Raman Raghav 2.0Anuraq Kashyap continue de dépoussiérer le cinéma indien. Après avoir déconcerté avec les violents et stylisés Gangs of Wasseypur et Ugly, il monte encore d’un cran avec un thriller sadique et outrancier. Mais terriblement déjà vu pour les Occidentaux bercés aux tueurs en série, scènes de drogue, de sexe et autres dézingages sanguinolents en tous genres. Car ce qui faisait la spécificité de Kashyap, c’était de reprendre les codes du cinéma policier à l’américaine (voire à la sud-coréenne) et de pulvériser tous les clichés du cinéma made in India, avec danses bollywood interminables, histoires d’amour sucrées et décors chatoyants. Sauf que depuis, il y a comme un petit air de déjà-vu qui transpire de tous les plans. Heureusement, aucune chanson ni chorégraphie, mais des images saturées et stylisées, poisseuses et parfois sensuelles qui émaillent un film noir de jais. On y suit Ramanna, petit malfrat de Mumbai, fasciné par le tueur en série Raman Raghav, l’un des plus redoutables que l’Inde ait connu dans les années 1960. Et Ramanna dont le passé trouble (papa qui le viole, lui qui en fait de même sur sa jeune sœur) le hante, décide de suivre ce glorieux exemple et de fracasser son prochain avec une barre métallique. Et en plus, ce serait Dieu qui lui indiquerait ses victimes potentielles, rien que ça. Mais ce qui lui fait perdre complètement pied, c’est sa rencontre avec Raghavan (subtilité quand tu nous tiens), un jeune flic fougueux et cocaïnomane qu’il tient pour son jumeau maléfique, apte à poursuivre son œuvre.

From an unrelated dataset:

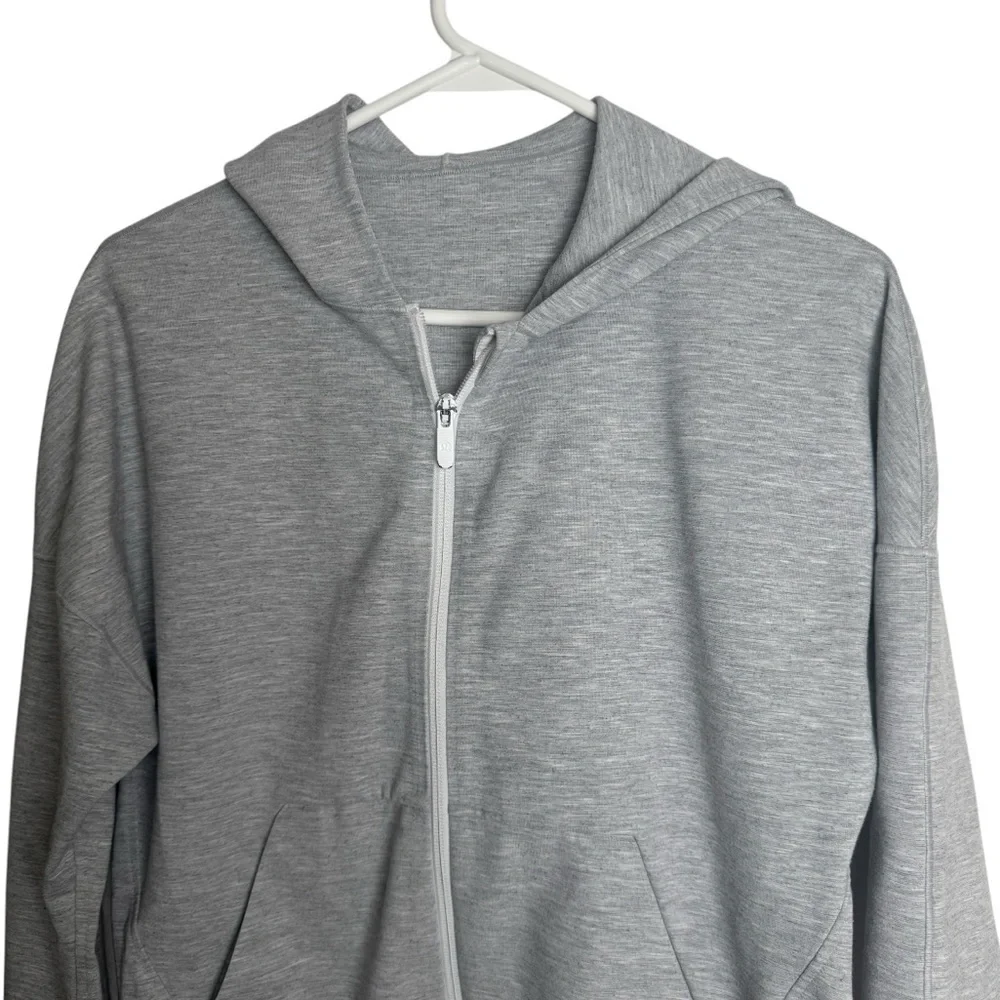 Lululemon Minimal Hoodie, Heathered Power Grey, Size 4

Si on se base sur un thriller pur et dur, ce Raman Raghav 2.0 ne fait pas dans la dentelle, loin de là. Le tueur est méchant, sans foi ni loi et le policier à ses trousses ne vaut pas mieux. Et il y a évidemment une belle à protéger qui ne demande que de l’amour qu’elle ne reçoit qu’à intervalles nocturnes. En revanche, si on prend le point de vue du film indien, le thriller revêt une tout autre parure, bien plus malsaine. Raghavan se perd entre sexe, drogue et insomnies, Ramanna l’observe dans ses moindres faits et gestes, jusqu’à tomber amoureux de son poursuivant. Tous les deux ne songent d’ailleurs qu’à une seule chose : éliminer ceux qui se mettent en travers de leurs chemins, même s’ils font partie de leur famille. Et Kashyap de ne rien éluder : ni les mots plus que grossiers (« enculé » ne faisant pas partie du vocabulaire bollywoodien jusqu’à présent), ni les scènes de sexe et de nudité, ni la violence éclaboussée de sang. Le réalisateur semble fasciné par sa propre œuvre et ses deux anti-héros qu’il filme comme on le ferait avec des femmes fatales, forçant le spectateur à les adorer autant que les détester. Des icônes sombres et tourmentées impeccablement campées par Nawazuddin Siddiqui (Ramanna) et Vicky Kaushal (Raghavan), rejoints par la sculpturale Sobhita Dhulipala, loin des rôles de demoiselle en détresse que sa beauté pourrait le faire croire. Ici, aucune once d’espoir à se mettre sous les rétines, seulement des acteurs cinégéniques. Toujours ça de pris. Une bonne nouvelle venue d’Inde, en attendant un prochain film tout aussi sombre, mais plus subtil.

 
Raman Raghav 2.0 d’Anurag Kashyap, avec Nawazuddin Siddiqui, Vicky Kaushal, Sobhita Dhulipala et Mukesh Chhabra. Inde, 2016. Présenté à la Quinzaine des Réalisateurs 2016.